At that point it should be your job to try and educate the client to see things differently. Sometimes, no matter how hard you try it’s just not possible. It’s then your mission as ‘design’ mind readers to get into the mindset of that client and create a design they would of created, if they could. It might not be your choice of style, or something that you would have created had you been given complete freedom, but it does keep the client happy and money coming in.
Why It Occurs
Over thinking and over designing is human nature, we all urge to ‘make things better’ when in fact something that ‘does the job’ is all we need. Everyone wants some kind of dynamic element, but a lot of times this just causes distraction from the actual message you’re trying to convey. If you look at the vast majority of popular aesthetics in graphic and web design today in 2013, you find that most follow a minimalistic approach. A good example of this is highlighted in a couple weather apps that we’ve recently downloaded.
Solar is a beautiful app with a super simple interface and gesture based navigation. The background colour changes depending on the time of day or current weather (sunny – orange, cold – blue). We love the look of it, but never seem to use it.
The other is Weathercube – another great app with more detailed weather information than most. It also has clever gesture based navigation with beautiful animations making it very appealing. The problem is that neither of these are as simple as the standard Apple weather app.
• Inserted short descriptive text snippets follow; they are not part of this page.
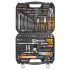 NEO TOOLS Szerszámkészlet 143db 25 év garanciával 08-945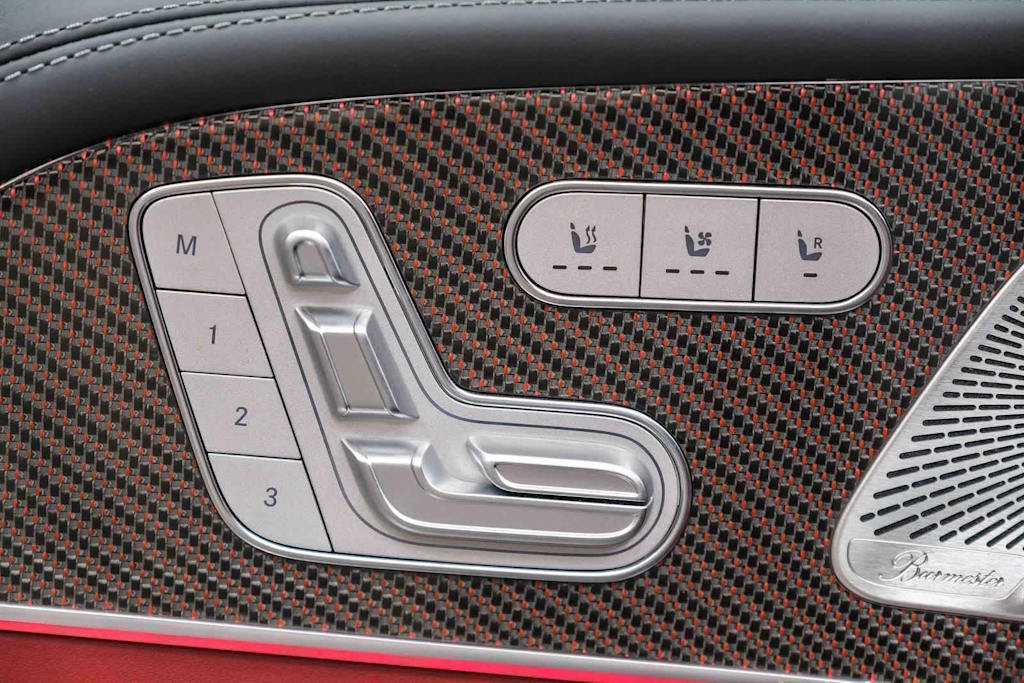 Thumbnail: 2026 Mercedes-Benz GLS - 29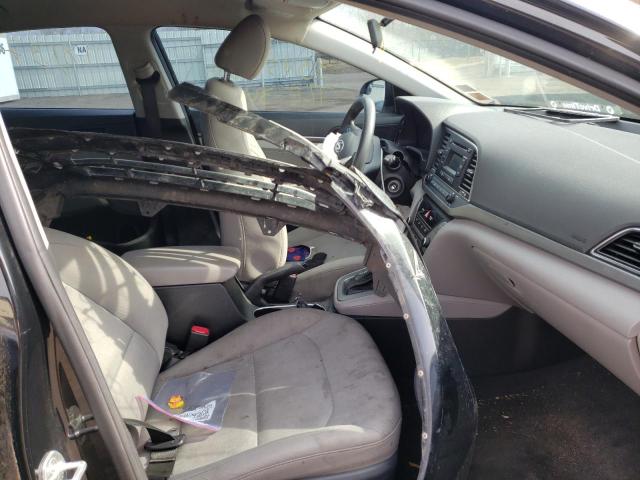 Photo 4 VIN: 5NPD74LF1JH353856 - HYUNDAI ELANTRA SE 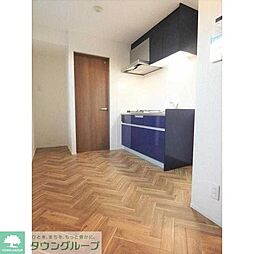 カーサリリー 101 1階1DKのリビング/ダイニング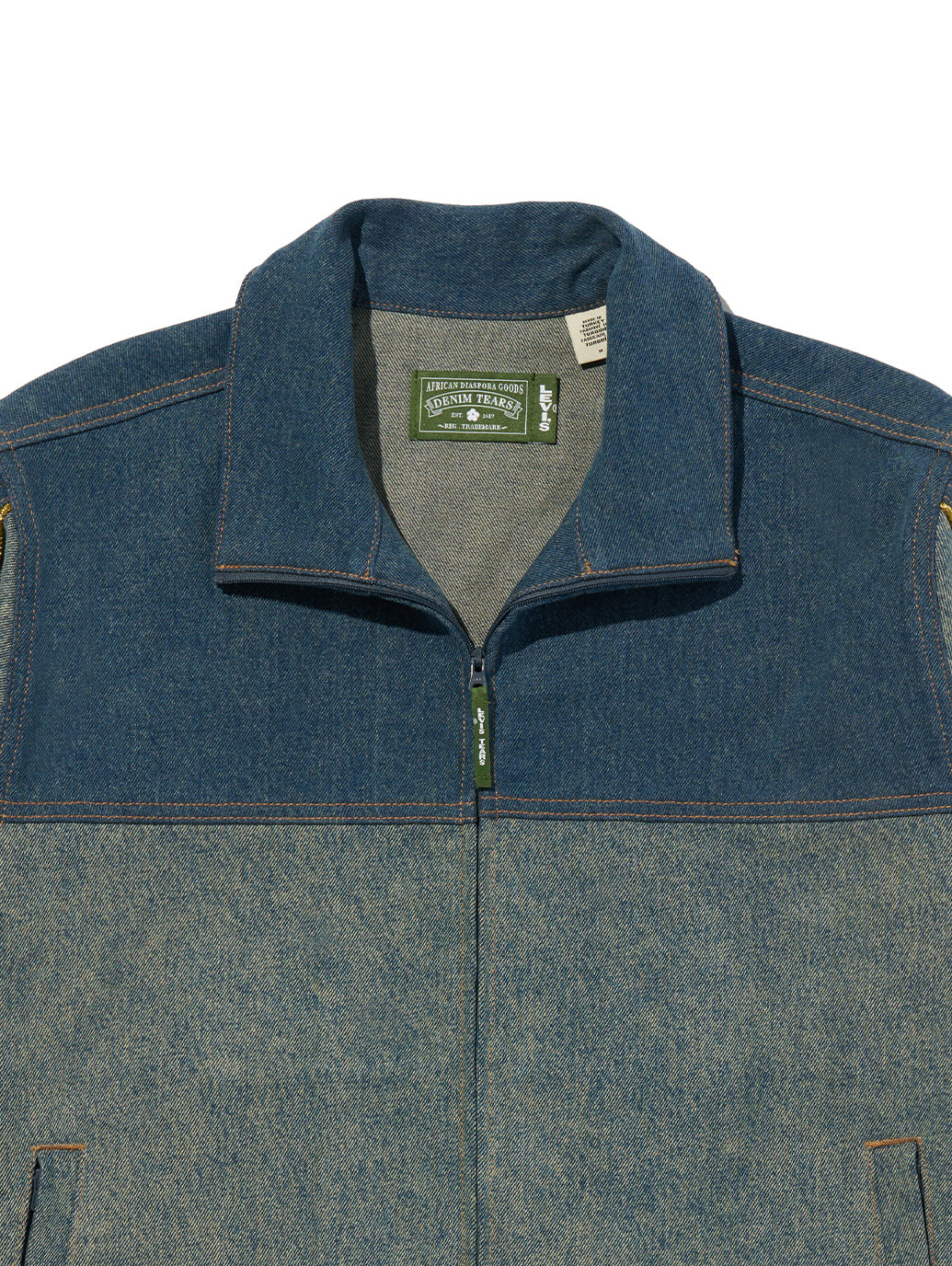 LEVI'S® x DENIM TEARS トラックジャケット 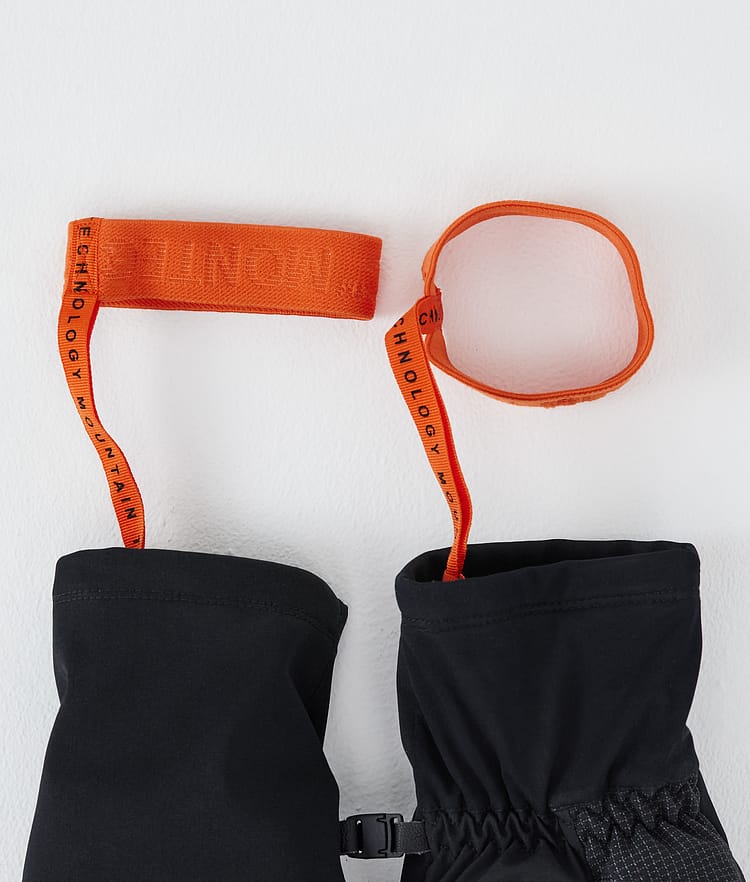 Montec Kilo 2024 Skidhandskar Greenish, Bild 5 av 5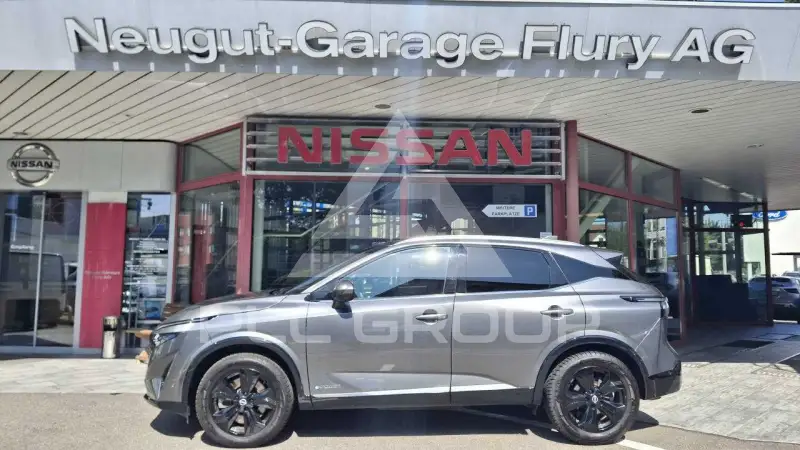2025 Nissan QASHQAI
The standard weather app sits on home screens and we expect more people want to replace it with another but just don’t. Open the app and it tells you all you need to know. It might not look as simple as the others but you don’t have to think about how you navigate or interact with it as all the information you need is on screen in one place. The icons look semi realistic unlike the more simplistic graphics of the other apps. You don’t need to think about what the icons mean or try and figure out how warm it is by looking at a colour, you just know because it says so in the simplest possible way.
Two of the largest and most popular companies in the world are Apple and Microsoft. Looking at both of their websites, we see that both are a totally simple minimalist design. Both are very clean, not a lot of dynamics but still very impressive. In doing this you focus on your message and products at all times. Large high rez photos are always an obvious advantage, but as far as the rest of the elements we see no shadows, no clutter, just nice clean typography and color direction. Obviously this design approach doesn’t work for everyone, but it has certainly worked for them.
Sometimes the simplest designs get overlooked in the desire to ‘make things better’ and as a designer it’s easy to get swept up in a clients mindset. Next time you think a design ‘needs more’ take a different approach and strip it back, you’ll probably find that in taking away you’re actually adding more.
Keeping it simple is not as easy as it sounds, but once you’ve mastered it you may find yourself producing your best work so far. And next time a client says to you “I could have designed that in Word”, you can always add more to keep them happy. After all, they do pay the wages and it is key is to maintain a great relationship with the client, leaving them feeling satisfied at the end of a project but saving you the heartache, pain and tears that running a project can bring.